The political economy implications of sanctions on Russia can be more catastrophic. There might not be any pipeline deals with Russia. The Nord Stream pipeline plan is already in jeopardy. There won’t be much foreign direct investment in/out of Russia – after all, who would want to invest a long-term financial commitment in a country whose leadership is autocratic and has shown a reckless contempt for its own rule of law.
For sanctions against Russia to be effective, they also need to be more comprehensive in scope and timeline. So far, direct sanctions on Russian exports of oil and gas (from where bulk of their revenue is sources) have been limited. Most exports still continue to Europe.
What about the wealth of Russian oligarchs?
Economists Filip Novokmet, Thomas Piketty and Gabriel Zucman have pointed out that Russia has run huge trade surpluses every year since the early 1990s, which should have led to a large accumulation of overseas assets. Yet, official statistics show Russia with only moderately more assets than liabilities abroad. The obvious explanation to this is that wealthy Russians have been skimming off large sums and parking them abroad. The sums involved are mind-boggling.

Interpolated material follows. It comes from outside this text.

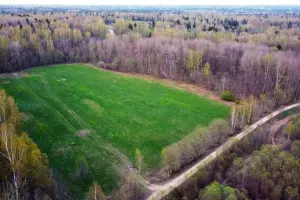 Коттеджный посёлок Тюльпаново Village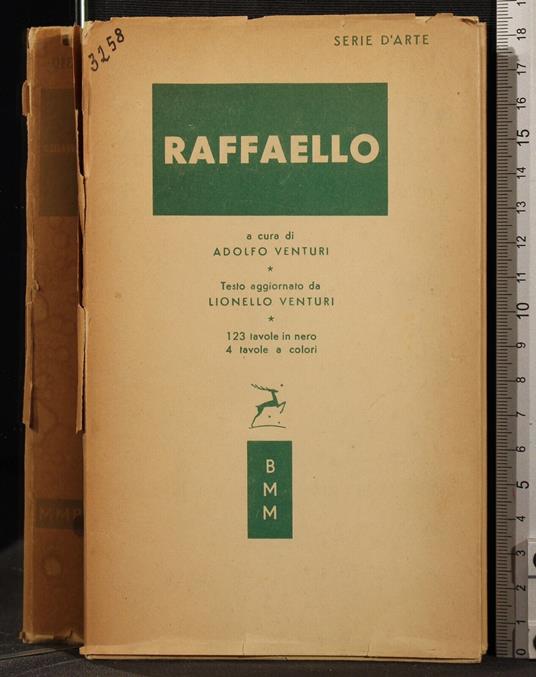 Raffaello - Giulio Venturini - copertina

Novokmet et al. estimate that in 2015 the hidden foreign wealth of rich Russians amounted to around 85% of Russia’s GDP. Another paper co-written by Zucman found that in Russia, ‘the vast majority of wealth at the top is held offshore.’ As far as one can tell, the overseas exposure of Russia’s elite has no precedent in history – and it creates a huge vulnerability that the West can exploit.”
The question is whether democratic governments across the world can collectively align against Russian oligarchs and would this in any way lead to the containing of the conflict or reduce Putin’s aggression. So far it hasn’t worked in changing Putin’s course of action. It is also difficult to ‘bully a bully’.
A sanctioned state under an autocratic leader like Putin may continue to ‘project strength’ despite all economic pitfalls, when it wants to preserve its reputation as tough: it prefers to endure sanctions and maintain its reputation, rather than secure its economy and see its reputation degraded. Cuba has been resisting US sanctions since 1990s, even though its economy has been hit hard, just as Russia was earlier resisting EU sanctions since 2014.
Sanctions can also have an undesirable effect on civil society in the targeted state; this is the phenomenon of rallying around the flag. In some cases, if civil society feels that its country should not be placed under sanctions, this can lead to a strengthening of national cohesion around power. This is what happened with Russian civil society in 2014 after the annexation of the Crimea and the ensuing Western sanctions.
This phenomenon can also take place in a completely different context: if people are too dependent on their leaders for food and basic necessities, civil society can rally behind its leaders because, as Andrei Kolesnikov, explains, “They’d better vote for the hand that feeds them or there might be nothing to eat at all.”
In any case, the need to drive sanctions through greater international cohesion, strategic deployment of measures in a comprehensive manner over a longer time span, will be key for the West to not allow Putin’s Russia to come on top in its war against Ukraine.